BERLIN/FRANKFURT (REUTERS) - Lufthansa filed injunctions on Tuesday to try to end what is shaping up to be the longest strike in the airline's history, after cabin crews called for a 68-hour walkout to cap a week of daily protests.
Flight attendants started striking last Friday and the cabin crew union raised the pressure on Tuesday by calling for walkouts at Frankfurt, Duesseldorf and Munich airports from 0300 GMT (11am Singapore time) on Wednesday through to 2300 GMT on Friday.
Lufthansa said it had filed for temporary injunctions at labour courts in Darmstadt and Duesseldorf after four days of strikes resulted in more than 1,800 flights being cancelled and left hundreds of thousands of passengers stranded.
The airline is negotiating with various staff groups as it tries to bring costs down to compete with budget rivals and Gulf carriers, and has been hit by strikes as a result, with the cabin crew protests coming after walkouts by pilots.
"As management, we are forced to explore our legal options, but I would rather find a solution at the negotiating table," Lufthansa chief executive officer Carsten Spohr said on the sidelines of an event in Berlin on Tuesday.
He said top management would hold talks with the cabin crew union (UFO) on Tuesday afternoon, if the walkout was halted.
But the union, which represents 19,000 Lufthansa flight attendants, said it would continue its protests, with the latest call including all short- and long-haul flights.
Separately, German pilots' union Vereinigung Cockpit (VC) filed a complaint with Germany's constitutional court to challenge a legal ruling that forced it to halt its strikes at Lufthansa in September.
The union has held more than a dozen strikes over the last 18 months, but the last one was stopped when a court in Hesse ruled on Sept 9 that the pilots had overstepped their mandate by striking against strategic company decisions.

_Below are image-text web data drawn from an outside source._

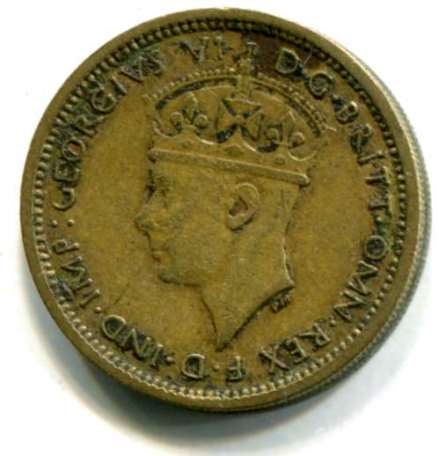 british west africa 6p 1938a.jpg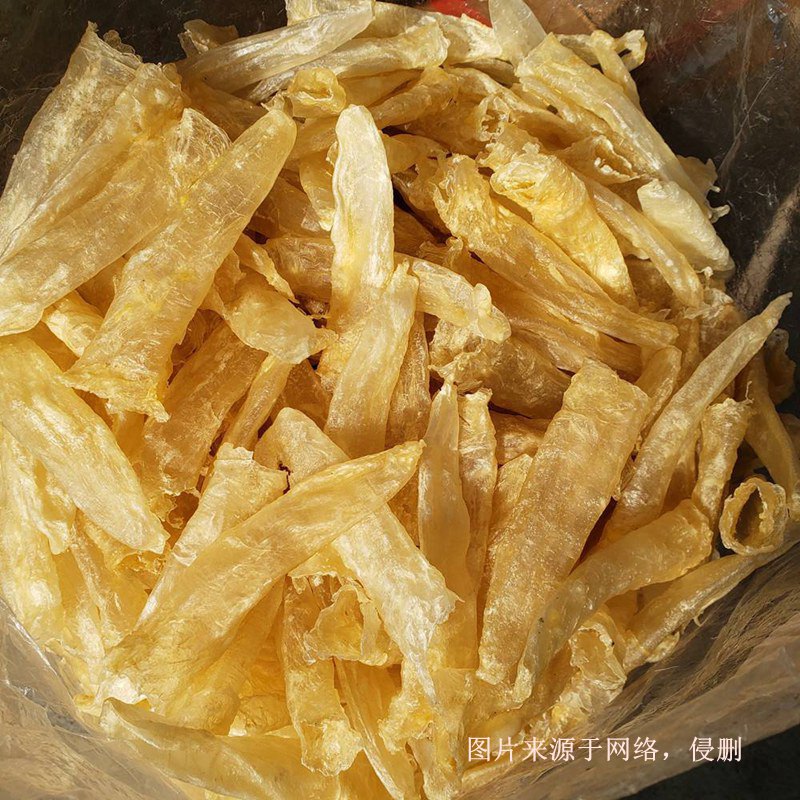 廣西進口越南魚肚報關(guān) 廣西進口越南魚肚報關(guān)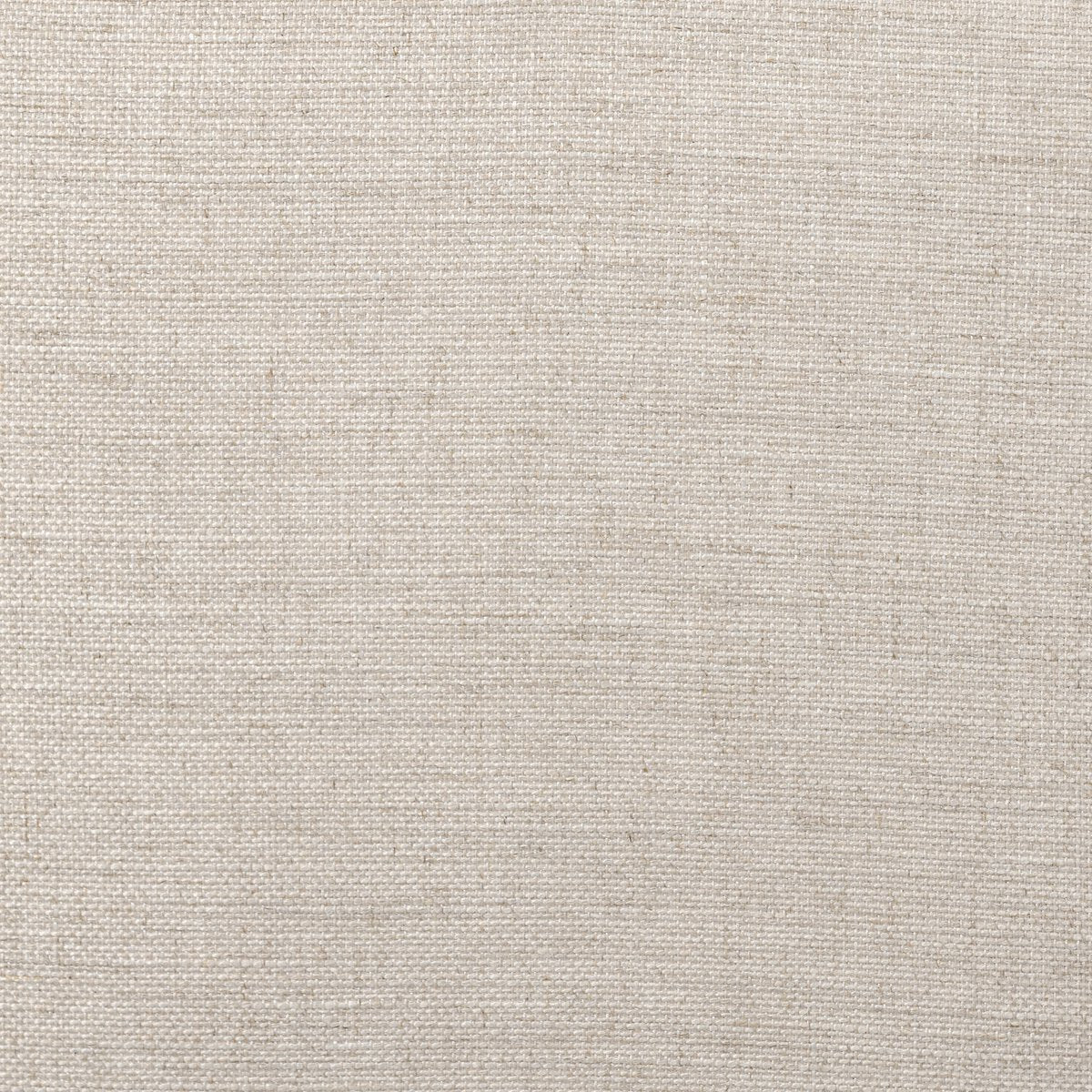 Glenmore Silla de Comedor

VC said its complaint was based on two grounds: that the court was wrong in saying the pilots were striking for reasons other than early retirement benefits, and that the court had wrongly assumed the jurisdiction of a higher federal court.
The court said at the time that in this dispute the pilots were only supposed to be on strike over pay issues but an analysis of union statements showed the protests also centred on opposition to the expansion of Lufthansa's budget airline.
A spokesman for the Karlsruhe-based constitutional court said no date had been set yet for the hearing.
Lufthansa shares were down 1.6 per cent at 1315 GMT, underperforming the DAX Index.